> _Task statement_
Please restate, word for word, the lines below that begin at the one with "Nuances de bleu" and end at the one with "2711 Sequoia Dr, Mchenry, IL 60051 photo 4". Leave out all other lines.

(Data records)

········

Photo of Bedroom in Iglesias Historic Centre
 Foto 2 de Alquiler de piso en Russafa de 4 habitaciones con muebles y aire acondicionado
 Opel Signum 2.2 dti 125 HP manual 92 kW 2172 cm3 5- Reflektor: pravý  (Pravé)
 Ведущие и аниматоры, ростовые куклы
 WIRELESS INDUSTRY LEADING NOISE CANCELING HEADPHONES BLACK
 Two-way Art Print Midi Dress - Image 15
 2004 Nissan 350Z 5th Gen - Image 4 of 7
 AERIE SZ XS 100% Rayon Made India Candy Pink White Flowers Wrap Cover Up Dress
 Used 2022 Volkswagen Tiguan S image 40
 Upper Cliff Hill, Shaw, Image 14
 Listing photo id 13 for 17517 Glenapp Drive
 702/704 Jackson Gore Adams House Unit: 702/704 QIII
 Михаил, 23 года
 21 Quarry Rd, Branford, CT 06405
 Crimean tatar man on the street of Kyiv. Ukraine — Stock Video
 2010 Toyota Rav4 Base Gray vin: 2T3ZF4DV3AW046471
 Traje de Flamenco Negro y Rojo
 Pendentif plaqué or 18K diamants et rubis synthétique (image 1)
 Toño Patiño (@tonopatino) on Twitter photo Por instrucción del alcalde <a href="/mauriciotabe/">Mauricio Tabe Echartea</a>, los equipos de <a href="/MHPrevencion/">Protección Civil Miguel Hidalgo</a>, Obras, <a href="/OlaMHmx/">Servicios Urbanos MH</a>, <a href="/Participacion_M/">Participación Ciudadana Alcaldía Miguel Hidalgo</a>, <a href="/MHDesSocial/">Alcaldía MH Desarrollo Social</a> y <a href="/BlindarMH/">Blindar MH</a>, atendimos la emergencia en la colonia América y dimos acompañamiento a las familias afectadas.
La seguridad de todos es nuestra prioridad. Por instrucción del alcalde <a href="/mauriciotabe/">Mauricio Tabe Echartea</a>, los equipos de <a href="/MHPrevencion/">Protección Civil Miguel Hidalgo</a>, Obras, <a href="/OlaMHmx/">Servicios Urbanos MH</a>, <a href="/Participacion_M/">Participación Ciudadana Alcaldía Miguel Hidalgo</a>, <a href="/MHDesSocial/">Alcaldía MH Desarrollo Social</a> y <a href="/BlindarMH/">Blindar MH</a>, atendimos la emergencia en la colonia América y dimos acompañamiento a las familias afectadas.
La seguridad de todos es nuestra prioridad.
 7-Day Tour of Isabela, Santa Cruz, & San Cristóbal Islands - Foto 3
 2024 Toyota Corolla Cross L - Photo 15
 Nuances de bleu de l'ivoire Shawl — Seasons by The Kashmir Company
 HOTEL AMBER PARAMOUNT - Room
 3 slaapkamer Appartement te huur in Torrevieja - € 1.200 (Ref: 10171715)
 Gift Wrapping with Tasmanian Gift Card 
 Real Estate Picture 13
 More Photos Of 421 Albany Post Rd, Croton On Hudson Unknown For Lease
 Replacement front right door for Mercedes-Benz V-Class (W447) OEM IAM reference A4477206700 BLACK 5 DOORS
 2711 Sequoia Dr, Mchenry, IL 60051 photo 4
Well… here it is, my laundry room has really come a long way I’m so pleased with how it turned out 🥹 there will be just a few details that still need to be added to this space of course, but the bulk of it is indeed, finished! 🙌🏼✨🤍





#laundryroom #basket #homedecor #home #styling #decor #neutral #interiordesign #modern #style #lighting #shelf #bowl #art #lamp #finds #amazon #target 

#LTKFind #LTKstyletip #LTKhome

········

> _Solution below_
 Nuances de bleu de l'ivoire Shawl — Seasons by The Kashmir Company
 HOTEL AMBER PARAMOUNT - Room
 3 slaapkamer Appartement te huur in Torrevieja - € 1.200 (Ref: 10171715)
 Gift Wrapping with Tasmanian Gift Card 
 Real Estate Picture 13
 More Photos Of 421 Albany Post Rd, Croton On Hudson Unknown For Lease
 Replacement front right door for Mercedes-Benz V-Class (W447) OEM IAM reference A4477206700 BLACK 5 DOORS
 2711 Sequoia Dr, Mchenry, IL 60051 photo 4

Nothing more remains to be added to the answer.